We are mostly blind. Our eyes can only see a tiny portion of the radiation available to us from the universe. It turns out that this is not entirely a bad thing. If you could see all of the light around you, the world might seem a confusing place. We call the full breadth of radiation in the universe the “Electromagnetic Spectrum” or EMS, or sometimes just “light”. All light is composed of oscillating electric and magnetic fields. The knowledge we have today about the nature of light has come from over three centuries of experimentation and discovery by many great scientists including Isaac Newton, Michael Faraday, John Ritter, James Clerk Maxwell, William Herschel, Paul Hertz, and Albert Einstein. In this module and the next you will learn that light can behave as both a wave and as a particle, each with a characteristic wavelength, frequency and energy. We start with the evidence for the nature of light.

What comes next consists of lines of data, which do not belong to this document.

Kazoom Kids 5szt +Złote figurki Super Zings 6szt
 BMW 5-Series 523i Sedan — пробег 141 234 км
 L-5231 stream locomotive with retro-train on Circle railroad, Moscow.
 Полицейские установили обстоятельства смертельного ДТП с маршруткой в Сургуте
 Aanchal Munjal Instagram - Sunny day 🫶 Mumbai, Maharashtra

Light is Particles in Motion

Isaac Newton – we never seem to escape him – proposed in 1675 that light was made of small bits of matter, which were traveled in all directions from a source. Newton believe that light was traveling particles or corpuscles rather than waves because light traveled in straight lines, whereas waves, as in a pond of water, bent around obstacles. Reflection of light could be easily explained if light were made of a stream of particles, for they would bounce off any surface they hit.


Light is Wave Motion

But there was also compelling evidence that light traveled as a wave. Waves certainly existed for everyone saw them flow through water, so why should light waves be different? Additionally, the English scientist Thomas Young demonstrated in about 1800 that if light passed through a slit in a piece of opaque material, the light would spread out in all directions as it moved away from the slit. That was exactly what a beam of light does – it spreads  in all directions from its source. Young then put two slits near each other and shined a beam of light through them. He discovered that the spread of light from each slit overlapped, producing a series of bright images of the slit with dark spaces between them. This again, is due to the waves interacting with each other. Where they come together in phase, or constructively as physicists say, they make a bright image, and where the two are out of phase, they cancel each other, destructively, and no light appears. This is absolute proof that light travels as a wave. Take that, Newton.